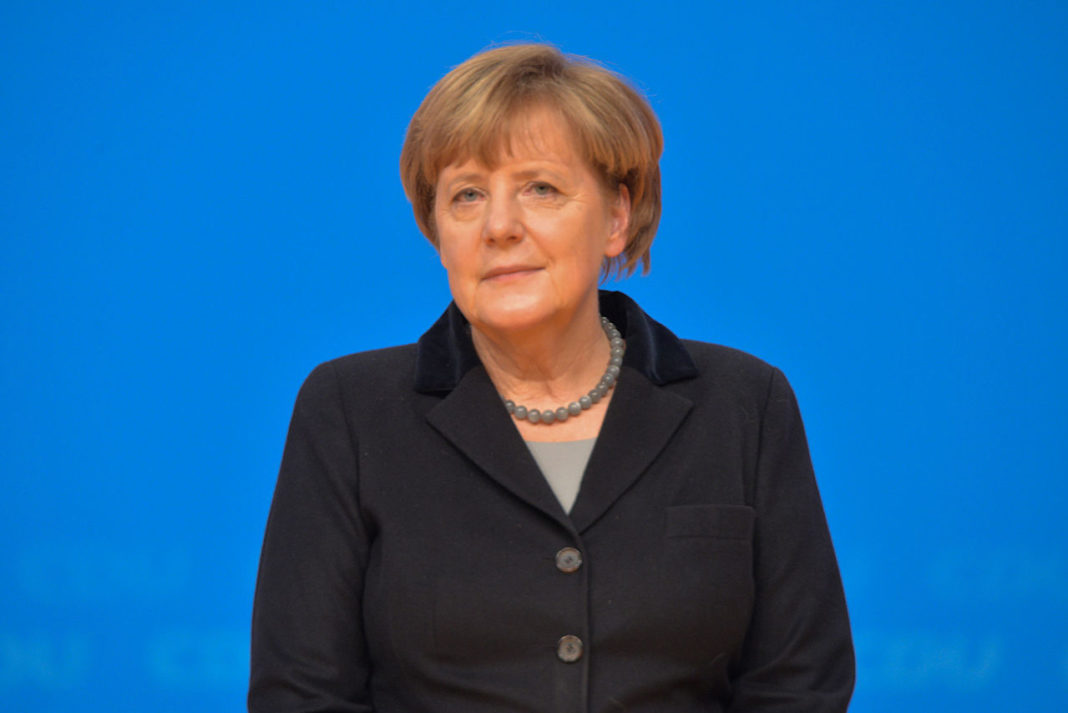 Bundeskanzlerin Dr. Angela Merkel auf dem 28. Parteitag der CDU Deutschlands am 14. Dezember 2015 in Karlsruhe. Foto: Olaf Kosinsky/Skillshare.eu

=-=-=-=-=

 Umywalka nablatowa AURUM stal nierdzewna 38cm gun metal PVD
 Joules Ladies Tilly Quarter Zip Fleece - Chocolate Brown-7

=-=-=-=-=

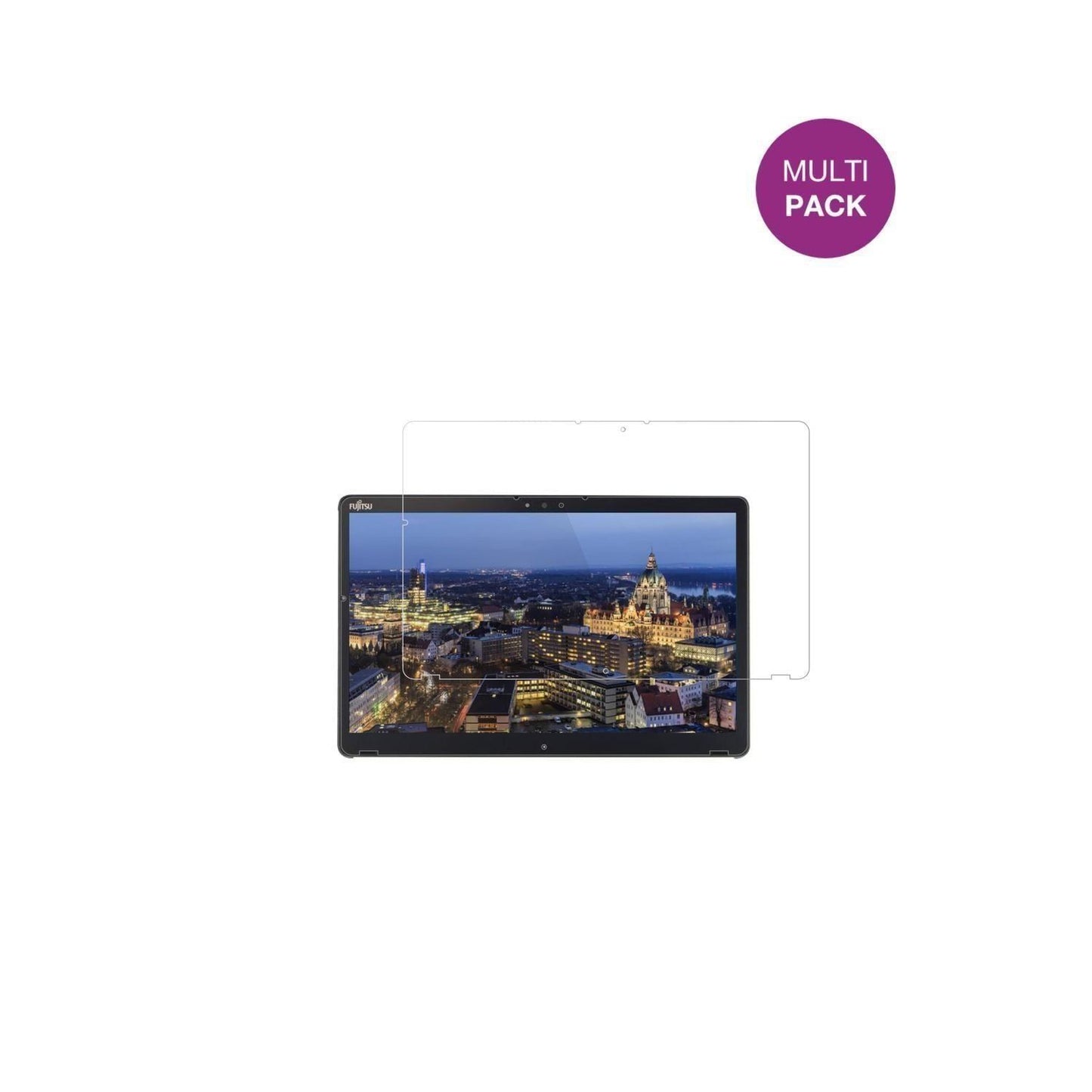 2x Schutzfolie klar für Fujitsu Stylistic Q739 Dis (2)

=-=-=-=-=

▶ _Work request_:
Given the records above, return exactly the lines starting at the line containing "Umywalka nablatowa AURUM" and ending at the line containing "Joules Ladies Tilly", including both.

▶ _Result for this exercise_:
 Umywalka nablatowa AURUM stal nierdzewna 38cm gun metal PVD
 Joules Ladies Tilly Quarter Zip Fleece - Chocolate Brown-7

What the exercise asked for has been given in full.